CNN  — 

The University of California improperly admitted dozens of students based on their personal or family connections to donors and university staff, the state auditor announced Tuesday.

The audit conducted on the University of California’s admissions process found UC Berkeley, UCLA, UC San Diego, and UC Santa Barbara unfairly admitted a total of 64 applicants between 2013 and 2019.

“By admitting 64 noncompetitive applicants, the university undermined the fairness and integrity of its admissions process and deprived more qualified students of the opportunity for admission,” California State Auditor Elaine Howle said in a statement. “The university has also failed to ensure that campuses fairly and consistently treat the thousands of prospective students who apply each year.”

In response to the audit, University of California President Michael Drake said the university system is “committed to safeguarding the integrity of its admissions practices” and will take prompt action to address the issues raised in auditor’s report.

“I have zero tolerance on matters of integrity and will do everything I can to ensure inappropriate admissions do not happen on any of our campuses,” Drake said. “I sincerely appreciate the time and resources the State Auditor’s office has committed to helping us improve and strengthen our admissions policies and processes.”

The audit findings come more than a year after several wealthy parents were arrested on charges of money laundering as part of the college admissions scandal dubbed “Operation Varsity Blues,” which alleged that the parents used wealth and connections to have their children admitted to universities through means including cheating on standardized tests and bribing coaches to grant them entrance for sports they did not play.

Actress Lori Loughlin was recently sentenced to two months in federal prison for her role in this particular scheme that helped her daughters gain admission into the University of Southern California.

The University of California campuses admitted 22 of the 64 students through their student-athlete admissions processes, even though the students did not have the athletic qualifications to compete at the universities, Howle said. UC Berkley unfairly admitted 42 who were connected to staff and donors.
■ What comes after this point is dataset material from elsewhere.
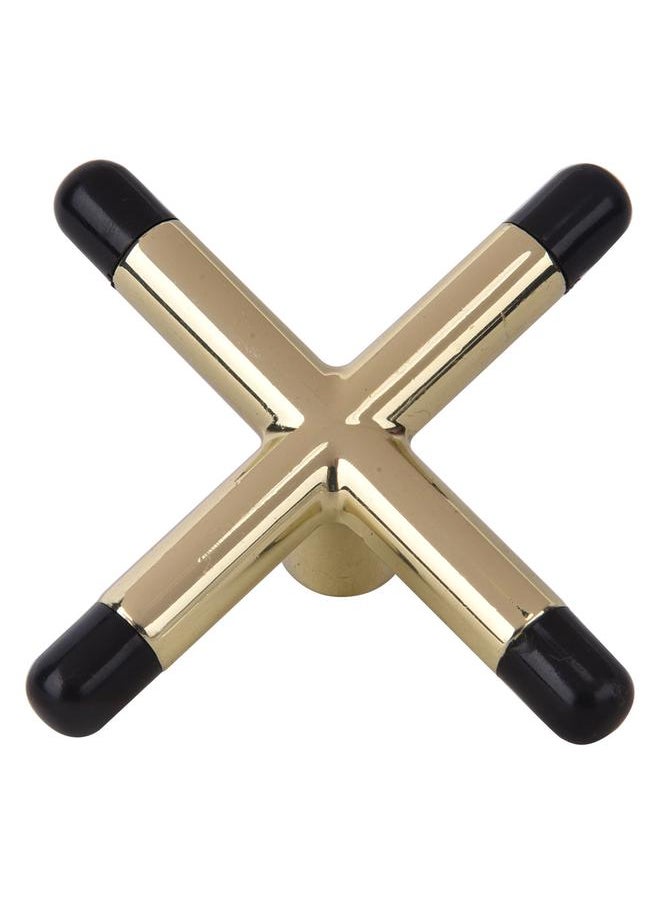 Thoraya Metal Durable Anti-slip Billiards Snooker Pool Cue Rest Bridge Head Holder Billiard Accessory(Cross Type with Plastic Particle )  - Image 3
The report released Tuesday said these applicants were less qualified than many others for whom the campus denied admission. “In fact, some of these applicants received the lowest possible scores on their applications,” the report said.

Neither UC Berkeley nor UCLA have developed methodologies for how they determine which applicants to admit, according to the audit.

And inadequate training and monitoring of the staff who review applications at those schools, as well as UC San Diego, also unfairly affected applicants’ chances of admission, the audit said.

“We found that staff were sometimes overly strict or overly lenient in their review of applications, thereby making the applicants’ chances of admission unduly dependent on the individual staff who rated them rather than on the students’ qualifications,” Howle said.

These practices are continuing due to a lack of adequate oversight of campuses’ admissions processes, the auditor said. She called for stronger standards to guarantee fairness and to detect and prevent inappropriate admissions decisions moving forward.

The auditor recommended that the office of the university system president require all campuses to verify the athletic talents of prospective student athletes and review donation records for indicators of inappropriate activity before they are admitted.

“Instead of this independent verification, the campuses largely relied on coaches’ assertions that prospective student athletes were athletically qualified,” Howle said.